Mais le grand défi se présente aujourd’hui : qu’est-ce qui se fera, sous quelle forme et quand ? « J’ai trois productions en 2021-2022, car lorsque je suis devenu directeur de l’Opéra de Québec, je savais que je ne pourrais plus faire huit opéras par année, je devrais me limiter à deux ou trois productions. »
Pour un chanteur international aussi sollicité, les années 2022 et 2023 étaient déjà ficelées. Or, voilà qu’essaient de se repositionner les projets repoussés du printemps 2020 et ceux de la saison 2020-2021.
« Pour moi, les reports sont catastrophiques, car ce qui est reporté tombe dans des périodes de choses déjà prévues ou rajoute des opéras à mon quota. J’ai donc des arbitrages déchirants à faire en raison d’agendas impossibles à tenir. » Les dilemmes sont moraux et humains, car il va falloir tourner le dos à des projets anticipés et espérés de longue date.

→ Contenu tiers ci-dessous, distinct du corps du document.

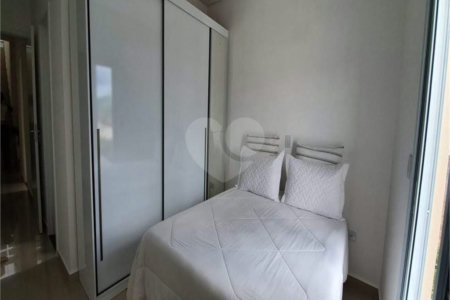 Casa à venda com 3 quartos, sendo 1 suíte, em Vila Santa Rosália, São Roque, SP
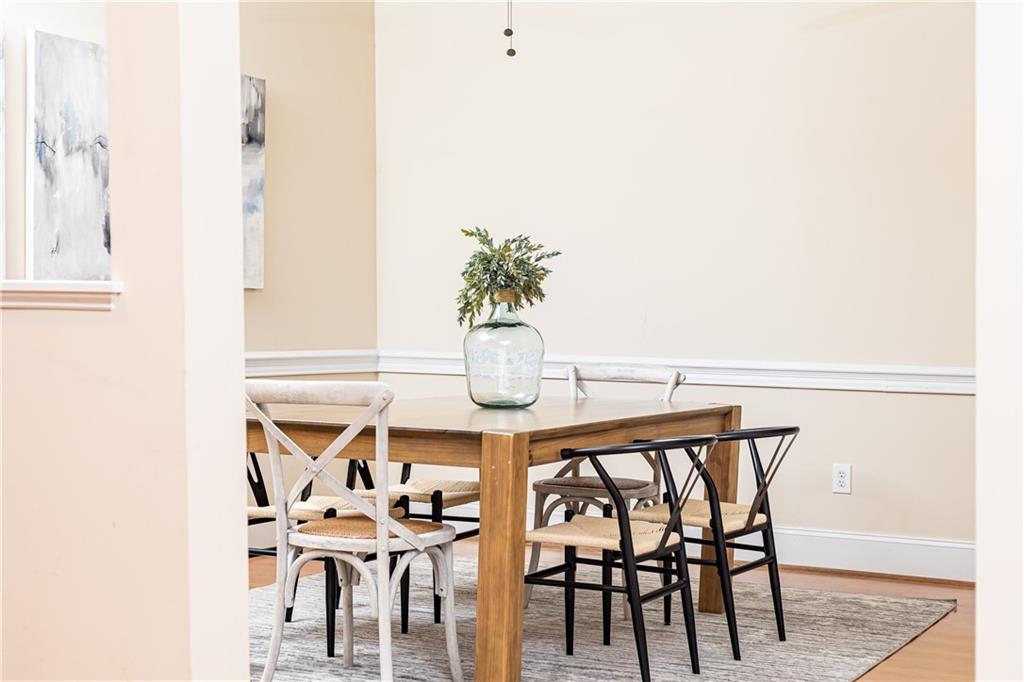 417 Clairemont Avenue Unit 209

Le problème se pose-t-il aussi au directeur ? Jean-François Lapointe a limité les dégâts : « J’ai procédé par “saute-mouton” en quelque sorte : j’ai pris ma saison 2020-2021 et je l’ai repoussée de deux ans. Ma 2e saison [2021-2022], je n’ai pas eu à la toucher. Je pense être assez original en la matière. »
Mais quelques heures avant notre entretien, un chanteur venait de demander à Jean-François Lapointe à être libéré d’un engagement. La situation ne manquait pas de piment : « Il a eu une occasion ailleurs. J’ai accepté. Cela arrive tout le temps à un directeur. Mais là, c’était tout de même assez amusant, car c’était pour me remplacer dans un contrat que j’avais dû laisser tomber ! »
Festival et rentrée
Comment programme-t-on un festival et une rentrée lyrique aujourd’hui ? Pour le Festival d’opéra, fin juillet-début août, le directeur de l’Opéra de Québec reconnaît que « la situation est vraiment complexe », malgré deux certitudes : « Je peux organiser un festival et je ne peux pas produire un opéra. »

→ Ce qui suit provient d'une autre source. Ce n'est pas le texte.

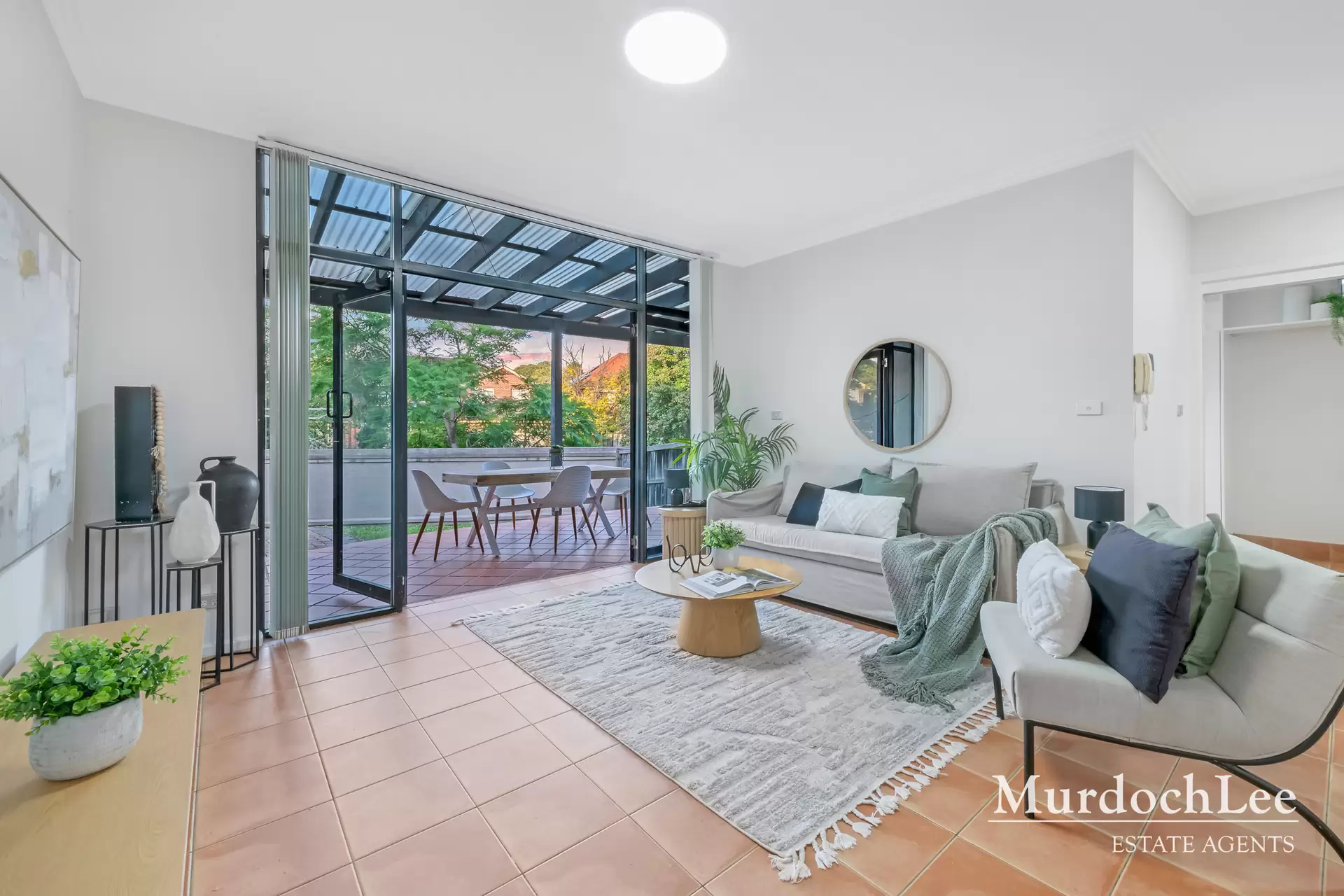 22/4 Hindle Terrace, Bella Vista Auction by Murdoch Lee Estate Agents - image 2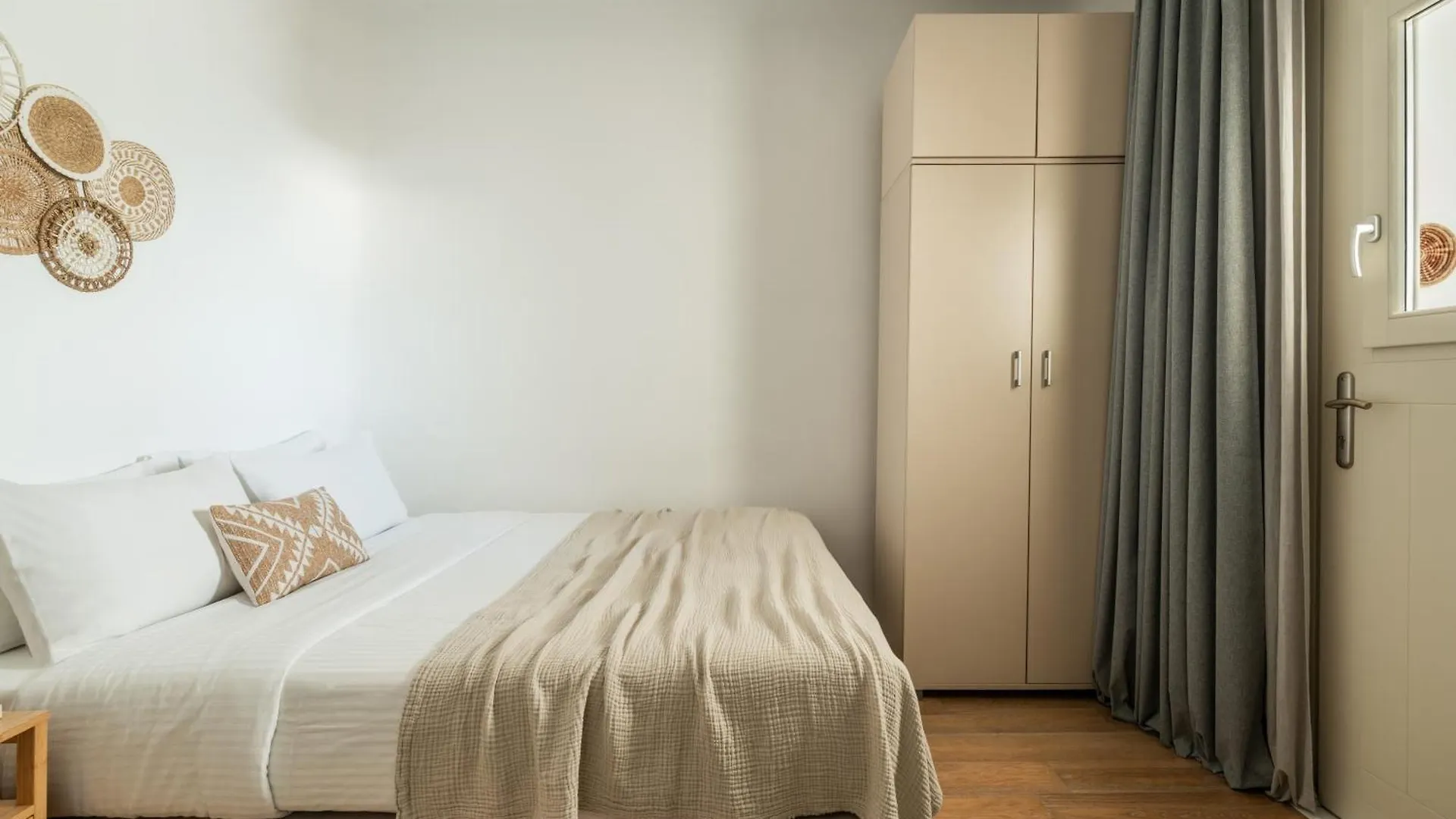 Namaste Boutique Apartments Mykonos Tourlos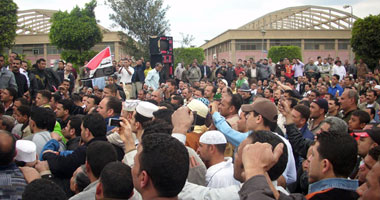 عمال "غزل شبين" يحتجون أمام "الوزراء" لتنفيذ حكم بطلان بيع الشركة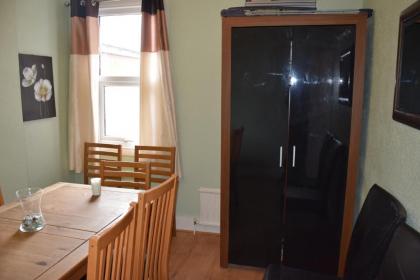 4 Bedroom Apartment & 2 Bedroom apartment - image 14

« Il me manque des données, car elles changent constamment », dit Jean-François Lapointe. Mais il est prêt : « J’ai des projets, je ne sais pas comment je vais les présenter, mais je peux me retourner très vite. »
Il n’y aura donc pas d’opéra ni d’opéra en version concert, mais plutôt des concerts à saveur lyrique. Parmi les problèmes particuliers : la distanciation et les chœurs. « Tant que certaines mesures ne sont pas levées, on reste bloqués », résume le directeur.

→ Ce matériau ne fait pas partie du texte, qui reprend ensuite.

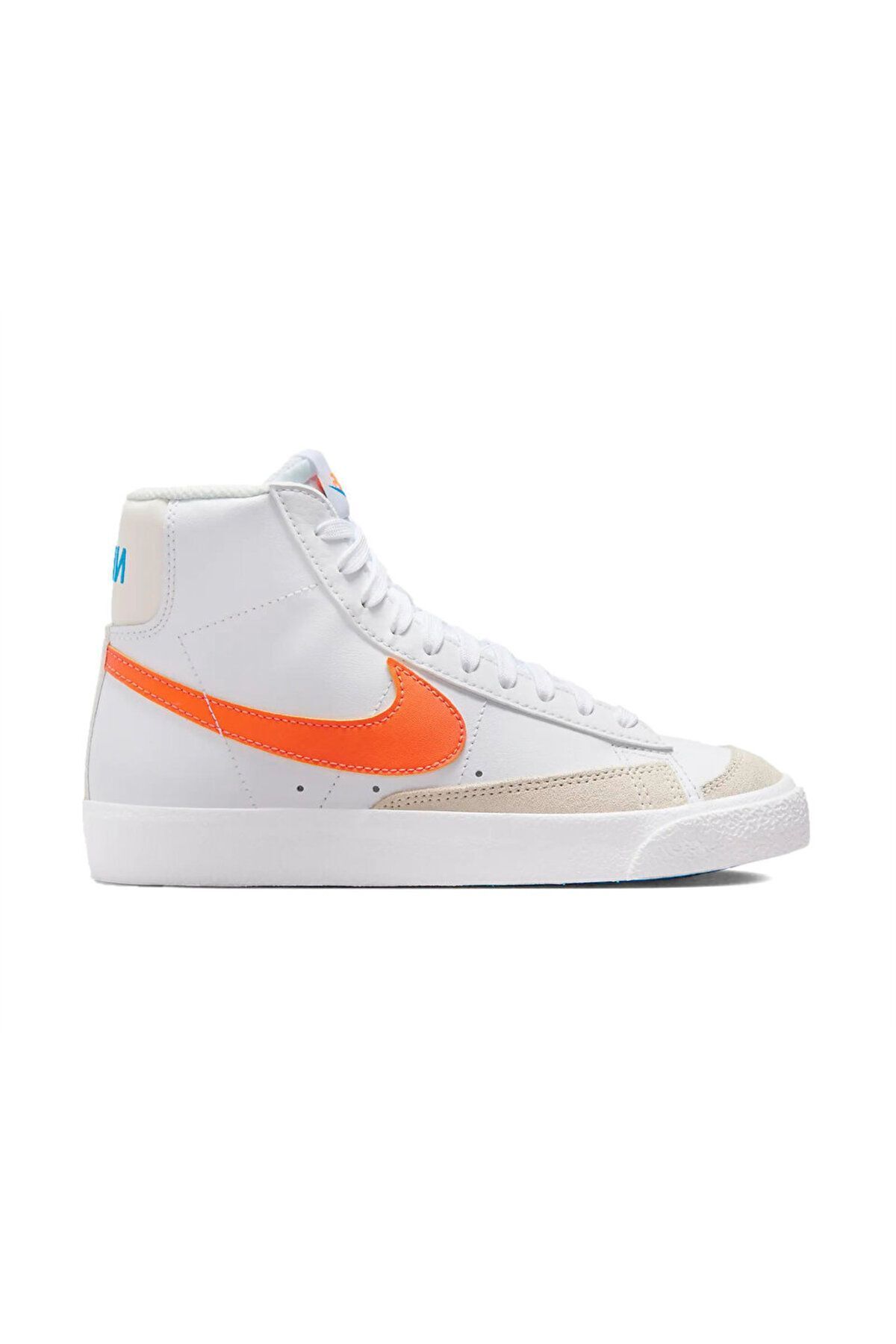 اسنیکر سفید مردانه و زنانه کفش روزانه جوان DA4086 116 Nike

Par contre, deux mois et demi après le festival, Jean-François Lapointe pense bien présenter un opéra en bonne et due forme, le premier de sa saison 2021-2022 et de son mandat. « J’ai réservé des artistes, on fait un opéra, mais on ne sait pas encore comment. » L’une des questions conditionnant bien des réponses est celle de la jauge. « Il faut se faire des scénarios de viabilité. On se doute qu’on ne pourra pas remplir le Grand Théâtre, et les opéras pas pleins, en général, c’est déficitaire. Donc, il faut revoir le montage financier et définir où l’on diminue. Dans l’absolu, les productions risquent d’en prendre un coup : les décors, les costumes. Si jamais on était à 25 % de jauge, il faudrait diminuer les représentations ou passer à une forme concertante. »
Pour l’instant, l’Opéra de Québec prépare une production dans une forme traditionnelle et se félicite de son activité lors de cette saison sinistrée. « Le barbier de Séville est produit en fonction des contraintes, dans une salle fermée. Sans être un test, c’est une manière de voir vers où l’on pourrait aller si tout d’un coup, un variant arrivait et faisait dérailler les choses. Nous sommes comme un peintre qui rajoute des couches sur un tableau. Entre chaque expérience, nous avançons et voyons jusqu’où nous pouvons aller. C’est notre mécanisme d’attente avant de nous produire normalement. »
À petits pas et avec le souci des artistes.